The organization that employs me is styled the Trial Court of Massachusetts, and the particular department in which I work - the Superior Court - has for 125 years been justifiably called the great Trial Court, as in ''all encompassing,'' of the Commonwealth. I consider myself a trial judge.
Now most people think a trial judge is like an umpire. The phrase ''trial judge'' evokes the image of a black-robed arbiter, presiding in unperturbed impartiality (like Joseph Welch in ''Anatomy of a Murder'') or irascible unfairness (like Milo O'Shea in ''The Verdict'') over the combat thundering in the courtroom arena at his feet.
To some extent, the image is accurate. A judge does participate in the trial of cases, whether civil or criminal. Yet, the number of cases tried compared with the overall number of cases filed is tiny. In Superior Court more than 90 out of every 100 civil cases terminate through agreement by the parties involved. And about 85 percent of all criminal indictments end in guilty pleas.
Statistics do not prove anything. But these figures, which are probably typical of trial courts nationwide, suggest a need to reexamine our concept of a trial judge's job and our idea of a trial court.
The name ''trial court'' suggests an institution whose purpose is litigation. A trial court exists to afford the public a regulated battleground, a place where, as Judge Charles E. Wyzanski Jr. once put it, ''the parties can count the jurors' noses instead of bloodying their own.''
No one would doubt that an important function of the court system is being available for trial. But an even more essential concern seems to be the resolution of disputes. Although the two may be related, plainly they are not the same. A case in which the parties reach their own agreement is ended forever. No appeal lies from a settlement; a settled case is not subject to retrial.
When a case is settled, the litigants can start to forget about the accident, or the scrambled business transaction, or the conflict of behavior or hope that pressed them into a lawsuit.
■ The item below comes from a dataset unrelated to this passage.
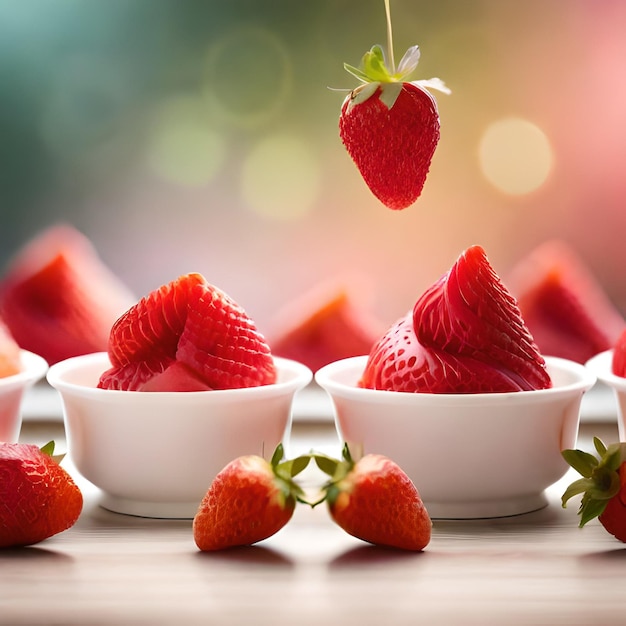 Ai a généré un verre de crème à la fraise avec un fond rose et le soleil qui brille derrière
The public also benefits from settlements. Even at the present 9-to-1 settlement rate, courts are unable to bring cases to trial as quickly as they would like. In Massachusetts, where only 1 case out of 10 does not settle, usually a case cannot by tried for a minimum of two years after it has been filed.
Were the settlement rate to slack off by even one point, the effect would be cosmic: Settling 89 (instead of 90) cases out of 100 would mean that 11 cases (instead of 10) went to trial. That is an increase of 10 percent. The same number of judges would have to try 10 percent more cases than they do now; delay would pass from being unfortunate to being unconscionable.
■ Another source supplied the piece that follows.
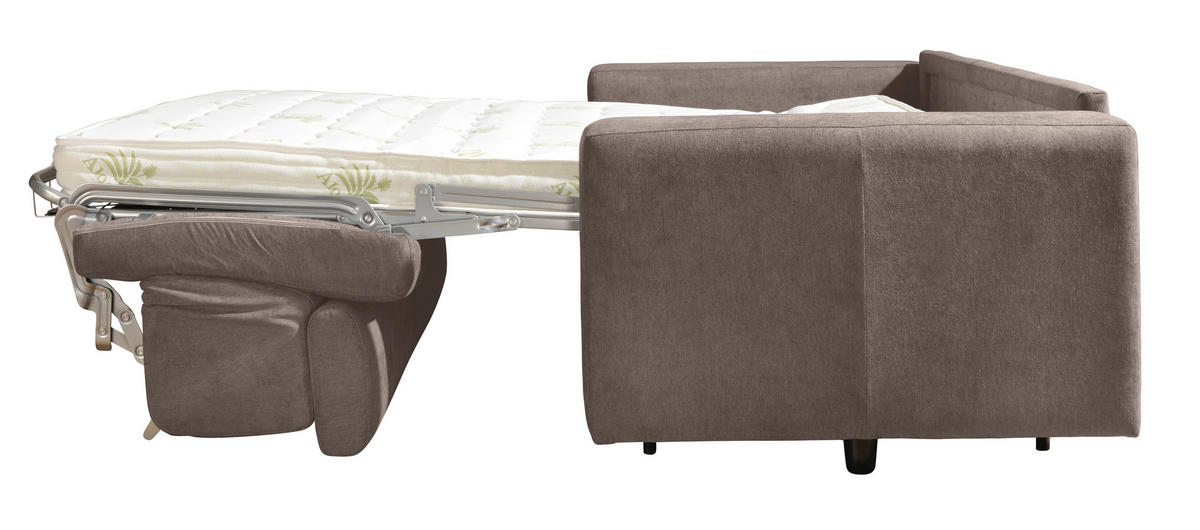 ROZKLÁDACÍ POHOVKA S MATRACÍ, textil, hnědá - černá/hnědá, Konvenční, textil/plast (206/83-100/100cm) - Novel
If, as the statistics unmistakably suggest, trial courts in fact primarily produce dispute terminations rather than verdicts, then not only the image of the judge but the reality itself had best begin to change.
Political considerations aside, judges in this country have traditionally been selected on their perceived ability to administer trials. It has been a truism that the trial bar - the lawyers who have spent their careers ''in the pit'' - should constitute the pool of possible judges.
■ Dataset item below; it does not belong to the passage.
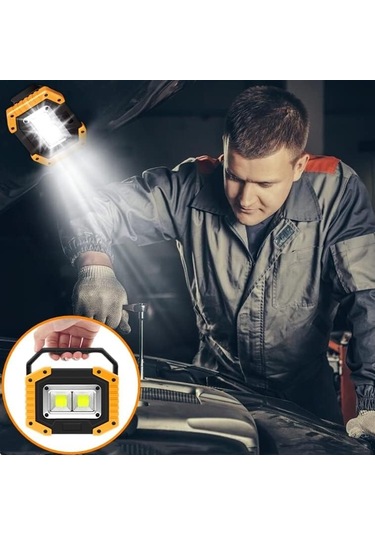 30w Led Çalışma Işığı Şarj Edilebilir Taşınabilir Cob Spot Işığı Süper Güçlü 2000lm Pil Dış Mekan Güvenlik Işığı Usb Su Geçirmez Çok Renkli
If, however, the trial court spends so much of its effort delivering justice-by-settlement, rather than justice-by-trial, perhaps we should pick new judges and train those already appointed with an eye to their real task, assisting the parties to reach agreement.
When your company sells nine bats to each woodcarving, it may be nice to feel familiar with carving tools; but unless you know how to make bats, you will leave a lot of customers unserved.